Consommation. Des milliards de L.E. sont dépensées par les Egyptiens pour le bavardage, le tabac, les drogues et les cours particuliers. Des modes de dépense qui sonnent l’alarme dans une société en état de crise.

Acheter de l’illusion

Dans des endroits populaires, au milieu des immondices et des maisons qui tombent en ruine ou se maintiennent difficilement aux pieds des collines et dans les zones sauvages, les habitants de plusieurs régions démunies et souffrant de conditions de vie plus qu’inhumaines sont observés utilisant le portable, fumant des cigarettes ou de la drogue. Des scènes qui semblent être courantes d’Alexandrie jusqu’à Assouan. Un paradoxe en quelque sorte puisque l’on sait que la pauvreté touche plus du tiers de la population. Des accros donc, mais qui semblent savoir ce qu’ils font. Ils ont toujours leurs arguments : « Le portable est devenu une nécessité, cela me permet de chercher du travail ou d’être plus accessible », « Pourquoi ne pas être comme les autres. Tous mes voisins possèdent un cellulaire et son prix a nettement diminué ». Et même avec la hausse du prix des cigarettes et des stupéfiants, des hommes qui ont du mal à subvenir aux besoins essentiels de leurs familles disent tout bas qu’ils ne peuvent se passer ni des cigarettes ni de la drogue. « C’est le seul plaisir que je peux me permettre ».

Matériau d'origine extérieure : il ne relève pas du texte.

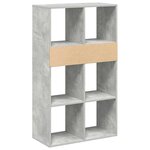 vidaXL Bibliothèque gris béton 66x31x112 cm bois d'ingénierie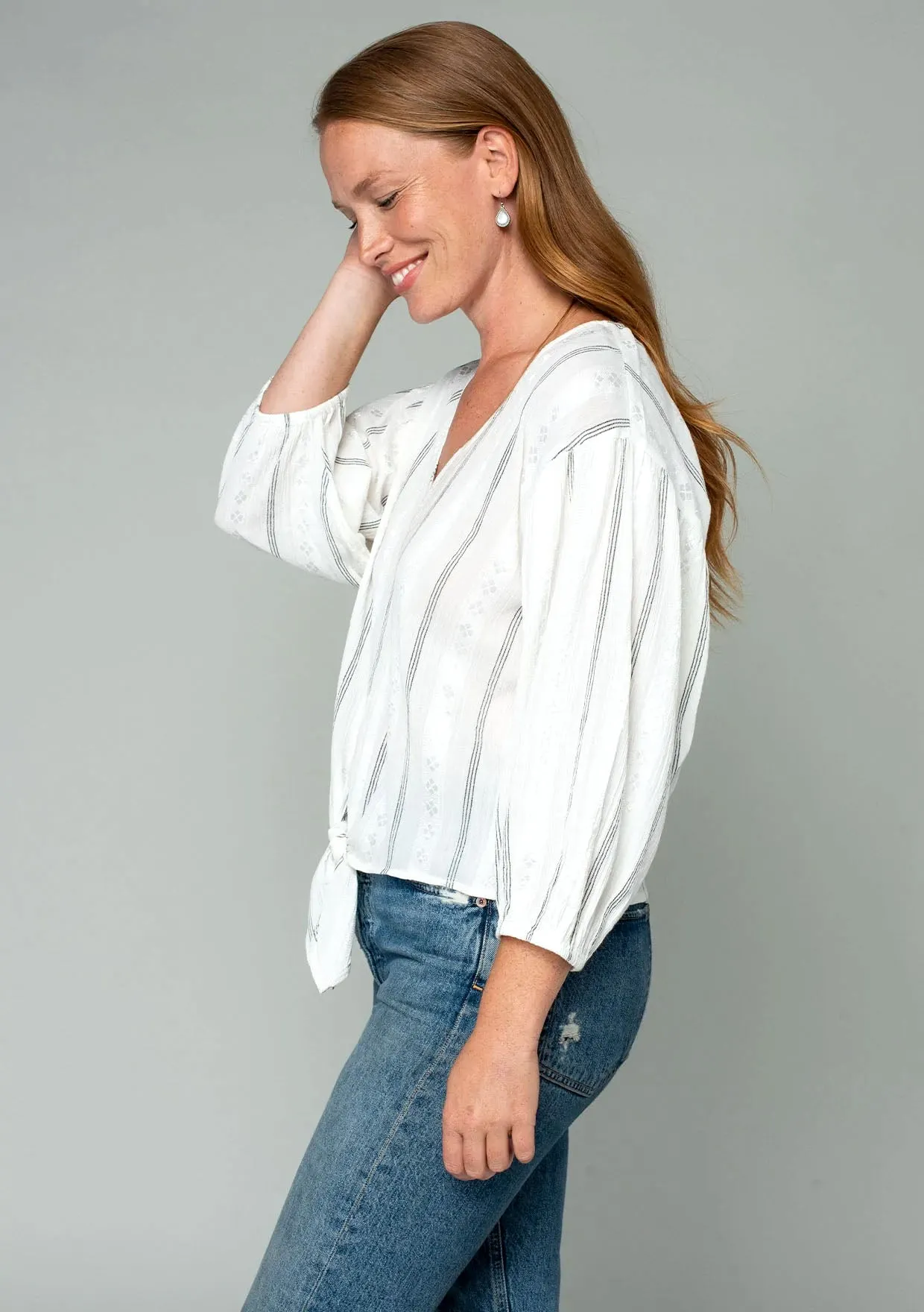 Elodie Tie Front Top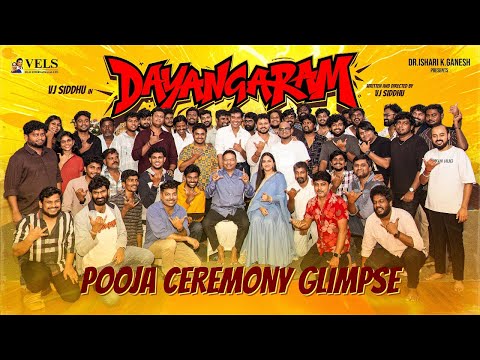 #Dayangaram VJ Siddhu - 01 | Pooja Ceremony | Ishari K Ganesh | Vels Film International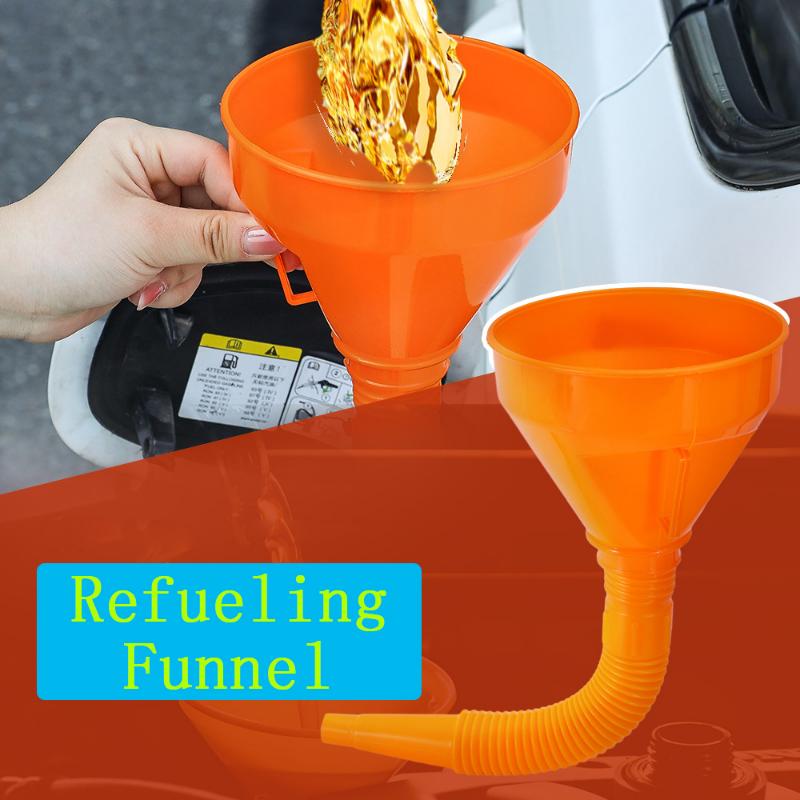 Universal Car Motorcycle Foldable Portable Funnels Auto Motorcycle Refueling Accessories Refueling Gasoline Engine Oil Funnel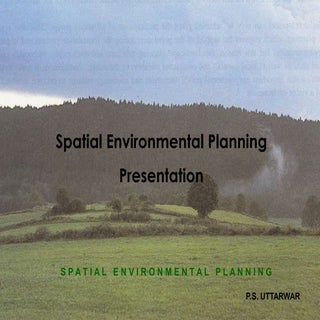 Spatial environmental planning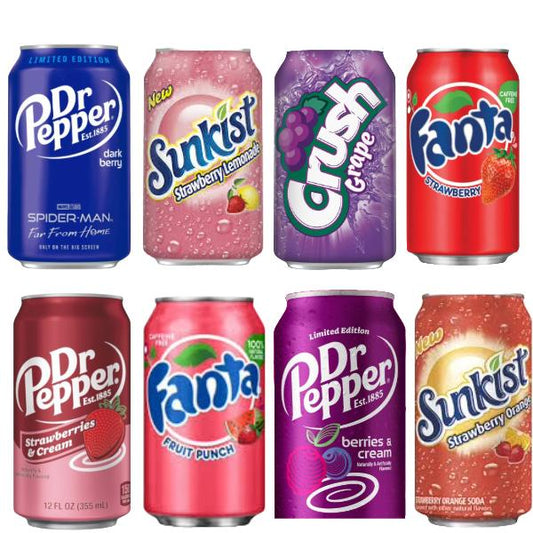 American Sodas – Classic & Iconic Soft Drinks from the USA (PERFECT FOR SUMMER)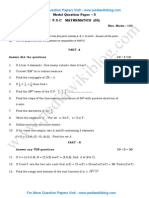 1st PUC Maths Model QP 5 PDF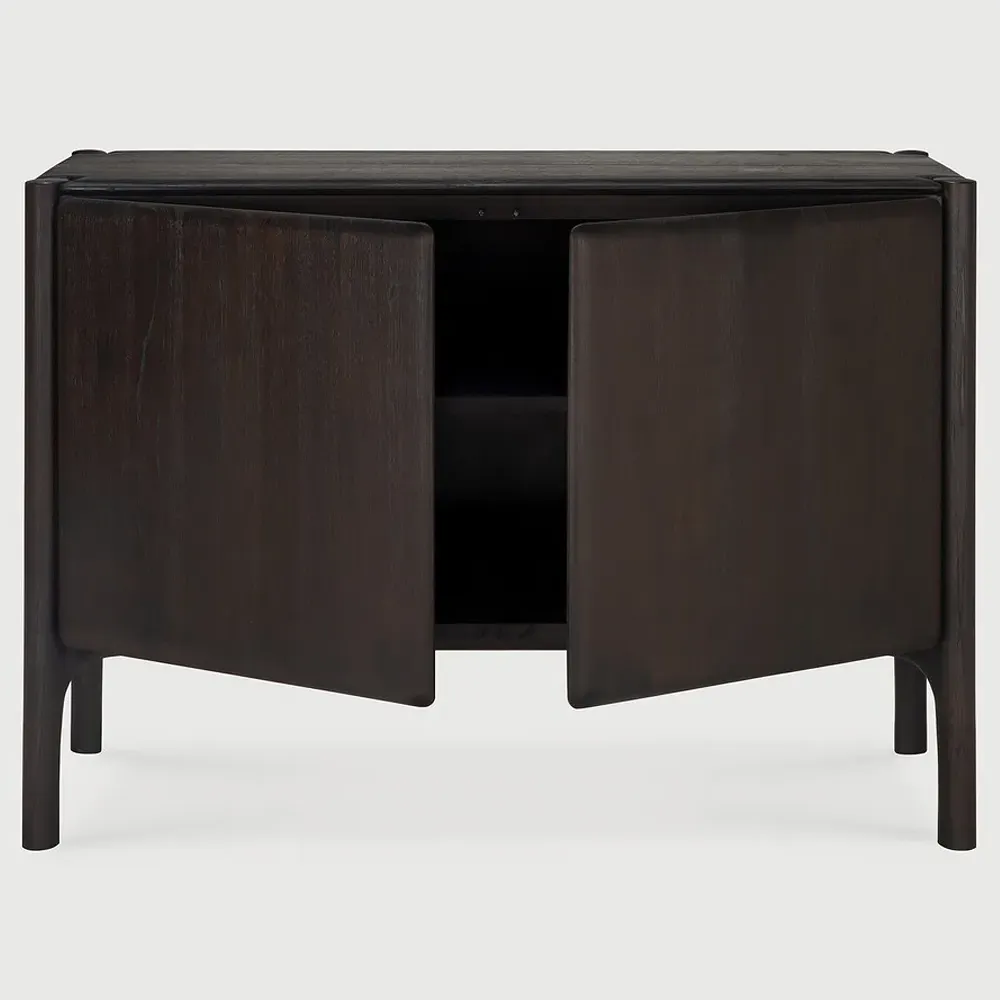 Mona Sideboard - Dark Brown, Teak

Qu’ils soient pauvres ou riches, les chiffres officiels (Organisme central de la mobilisation et des statistiques, Centre des informations du Conseil des ministres, l’Organisme central des comptes et les rapports de sécurité) avancent que 35 milliards de L.E. par an sont dépensées par 55 millions d’abonnés pour le portable, 30 milliards de L.E. pour les cigarettes avec une consommation de 80 milliards de cigarettes par an, 12 milliards de L.E. pour les cours particuliers et 22 milliards de L.E. pour la drogue. Selon le rapport de l’Organisme central de la mobilisation et des statistiques, ce chiffre équivaut à 80 % du revenu du Canal de Suez. Qu’est-ce que cela signifie ?, s’interroge le poète Farouq Goweida dans son éditorial publié dans le quotidien Al Ahram. Il renchérit : « Nous pouvons imaginer l’état d’un peuple qui dépense 35 milliards de livres en bavardage, 30 milliards en cigarettes et 22 milliards en drogues. Comment alors lui demander de réfléchir, de revendiquer ses droits, d’œuvrer à changer les conjonctures actuelles et de faire face à la corruption dans sa vie ? Comment parler d’une réforme politique qui nécessite un peuple doté d’un niveau élevé de conscience ? Comment parler d’une réforme sociale contre le crime et l’extrémisme dans la pensée et les comportements ? Comment penser à une réforme économique qui améliore le statut des plus démunis alors qu’ils sont noyés dans les bavardages du portable, les cigarettes et la drogue ? ».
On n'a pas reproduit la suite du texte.